After upset victories over No. 4 Central Catholic and No. 1 North Allegheny, shocking the WPIAL Class 6A playoff landscape, the Raiders will play Pine-Richland at 8 p.m. for a chance to beat the only remaining team to defeat them during the regular season.
But this isn’t a feel-good story where the players are simply looking forward to the experience of playing at Heinz Field.
Seneca Valley is taking the trip down 279 to win a football game.
“(Two years ago when Seneca made the WPIAL Finals), they were happy to be there,” said coach Ron Butschle. “And I don’t get that sense with this group. We’re on a path, and we want to continue to be successful. This is part of building a program and being a part of Seneca Valley football history.
“We’ve never won a WPIAL title, and this is only the third time in school history we’ve been in the title game, so these kids have accomplished something in terms of making their mark. But no one in the locker room is OK with just being there.”
It’s been the same formula for the Raiders all season with defense and an offense doing just enough to put some points on the board. But a change in offensive philosophy has sparked the Seneca Valley running game.
Butschle wouldn’t say the team is doing anything different in terms of play calling or style, but instead it’s better execution that has the team rounding into form.
A month ago, in the team’s 21-7 loss to Pine-Richland, senior running back Matt Stanger was lost to injury and in stepped senior fullback Jake Mineweaser.
“He’s provided a spark with the run game, he’s not come out since the Pine-Richland game,” said Butschle. “It was kind of on me, I’ve been guilty of trying to out-coach myself many times, rather than doing what we do best.”
The offensive line – which has been patched together all season – has finally been playing together for four or five straight weeks and the results have shown in the running game.
The Raiders gained 108 yards of offense against North Allegheny on September 28.
Last Friday the Raiders gained 394 total yards against the Tigers including 234 on the ground.
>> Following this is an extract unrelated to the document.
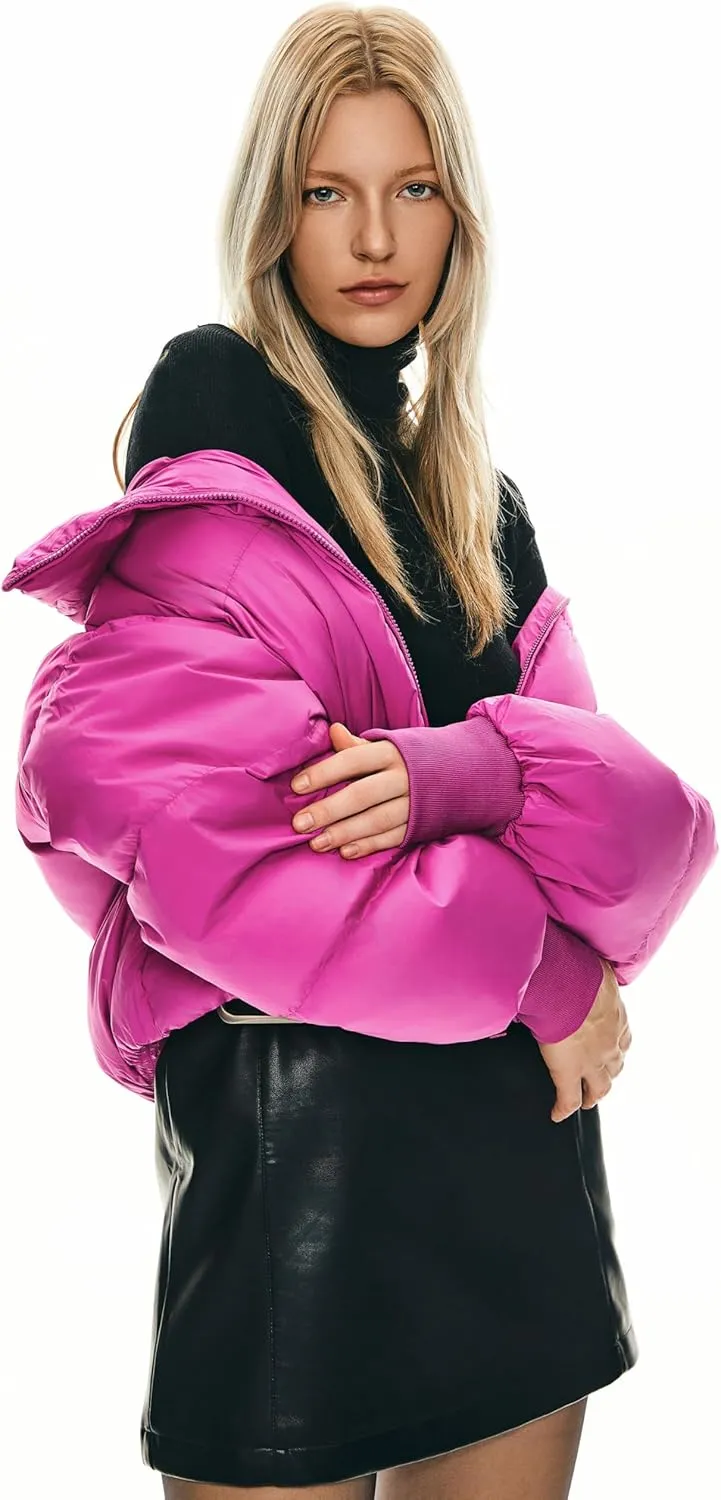 Orolay Women's Winter Oversized Cropped Puffer Jacket Zip Up Short Down Coat Stand Collar Baggy Overcoat
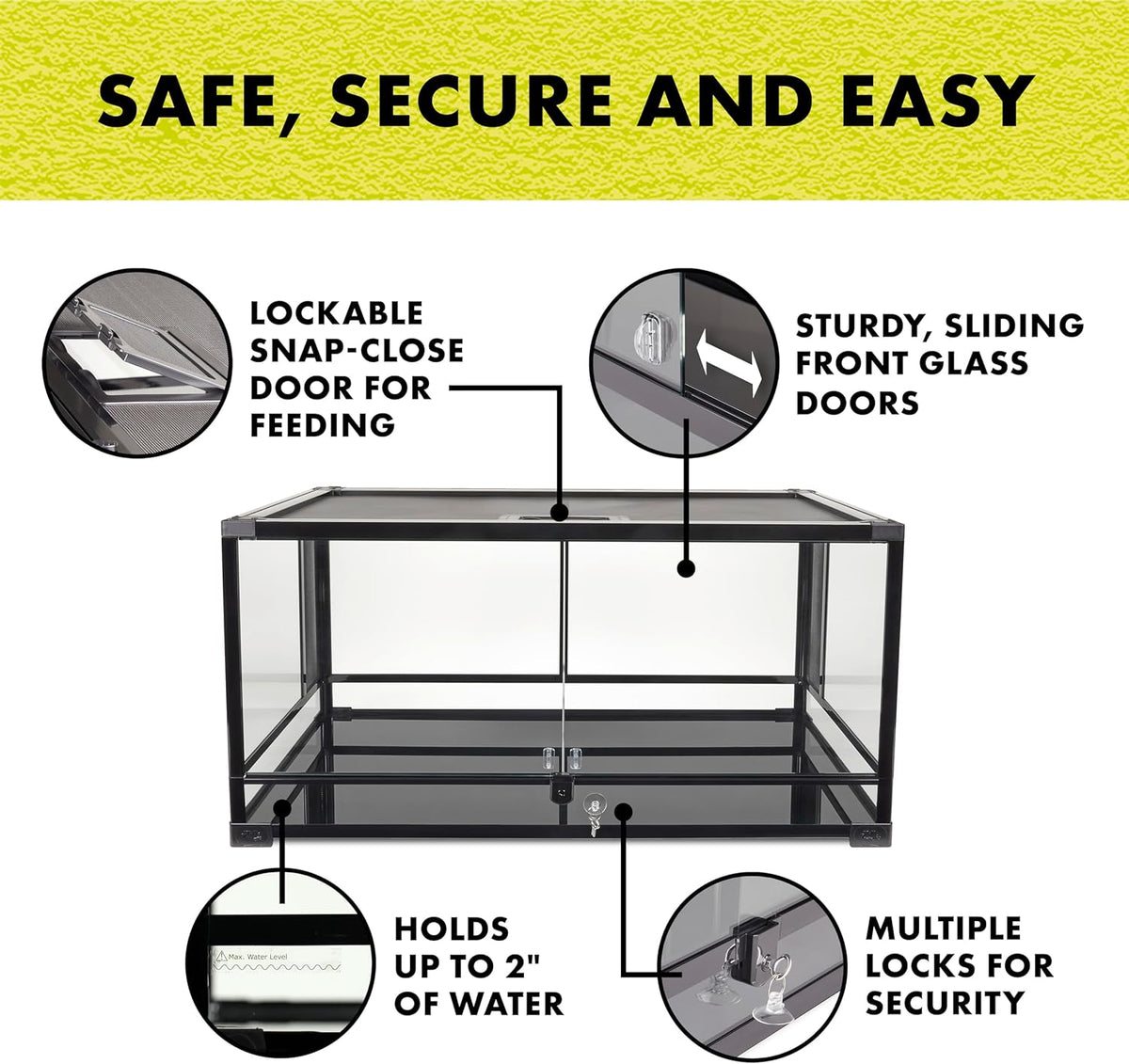 Zilla QuickBuild Reptile 40 Gallon Glass Terrarium Habitat with Swing Door For Geckos, Snakes, Lizards, Frogs, Turtles, and Tortoises, 36" x 18" x 18"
In the team’s two playoff victories, Mineweaser has rushed for 72 yards and a touchdown and 147 yards and two touchdowns respectively – he had one carry against the Tigers in the regular season.
This last hurdle may be the toughest to clear as four weeks ago the Rams flexed their offensive muscle and left little doubt at home in Gibsonia.
Running backs Cole Spencer and Luke Meckler combined for over 300 rushing yards (Spencer totaled 108 yards while Meckler racked up 205), but miscues and penalties were what stood out to Butschle.
Pine-Richland’s regular season was book-ended by loses to IMG Academy (Fla.) and North Allegheny, the latter of which kept the Rams from winning a section championship, but the team’s chances of making it to the finals were never really in doubt.
The No. 2 Rams were awarded a first-round bye and defeated Mt. Lebanon 46-16 in the semifinals thanks to a 29-point second quarter.
Meckler scored on runs of 14-yards and 75-yards and finished with 114 yards on the ground while Spencer rushed for a touchdown and threw three more.
Class 6A is a unique situation in the WPIAL as every playoff matchup is a rematch from the regular season, and the cat-and-mouse game becomes about what to change between meetings.
It’s a little late to introduce and incorporate new things, so instead the old truisms of football will prevail: penalties, execution and a little bit of luck.
Or maybe not.
“You don’t make a wholesale change just because you’ve already played one another,” said Butschle. “I’m sure they’re looking at us and saying ‘these are the things we had success with last time’, and we’re kind of doing the same thing. I don’t imagine that anyone is going to re-write they’re playbook for one week. When it’s third and goal you’re not going to re-invent the wheel, you’re going to do what you do.
“Or maybe they’ll come out and do something completely different, and if they do, God bless them,” said Butschle jokingly.